▶ _Source records_
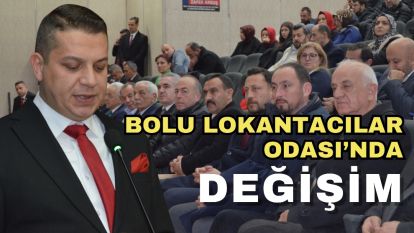 Bolu Lokantacılar Odası'nda Değişim
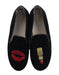 A Black Slip Ons from AKID in size 11Y for girl. (Back View)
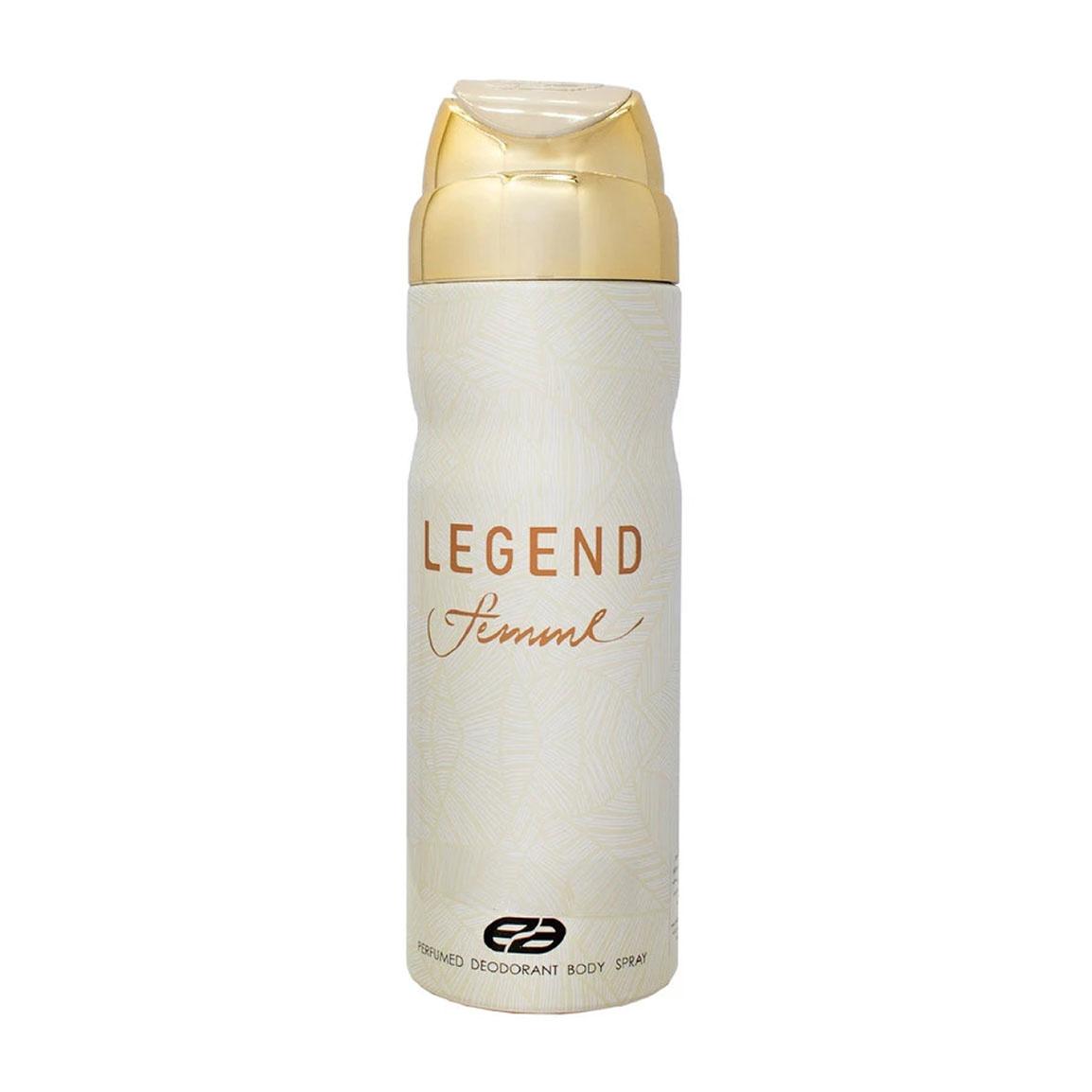 اسپری بدن زنانه مدل Legend حجم 200 میلی لیتر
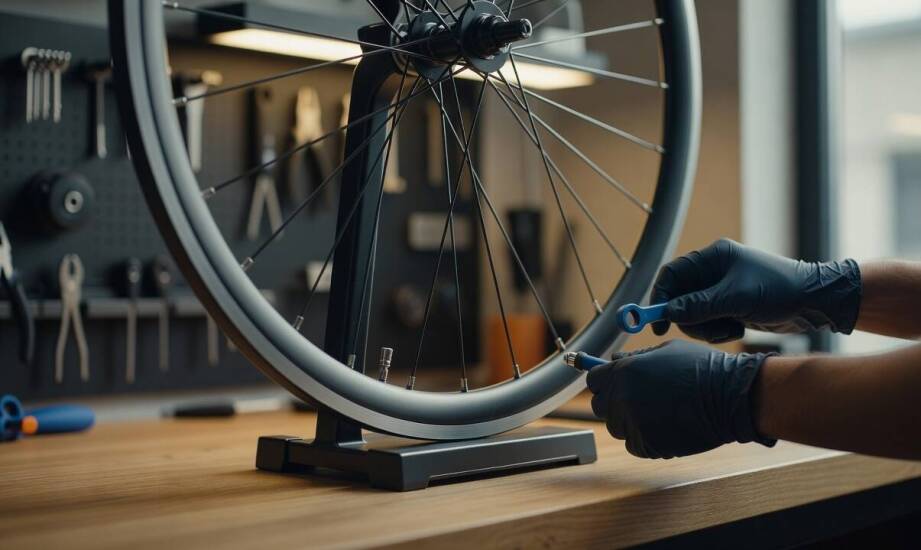 Mechanika koła rowerowego — skąd bierze się bicie obręczy i jak przebiega proces regulacji naciągu szprych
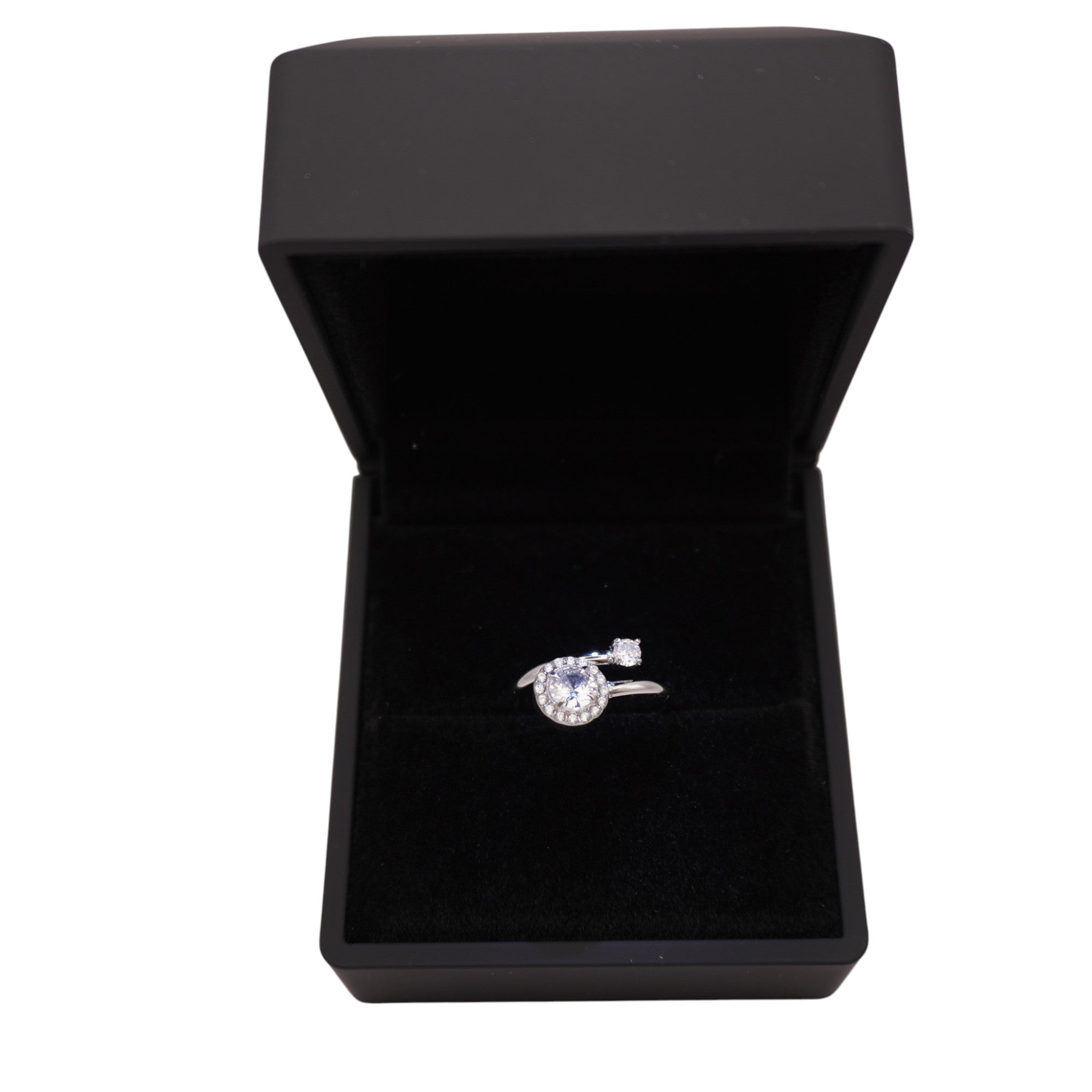 Anello Double Halo Shine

▶ _What is needed_
The data above must be written out again word for word, without its pictures.

▶ _Written response_
 Bolu Lokantacılar Odası'nda Değişim
 A Black Slip Ons from AKID in size 11Y for girl. (Back View)
 اسپری بدن زنانه مدل Legend حجم 200 میلی لیتر
 Mechanika koła rowerowego — skąd bierze się bicie obręczy i jak przebiega proces regulacji naciągu szprych
 Anello Double Halo Shine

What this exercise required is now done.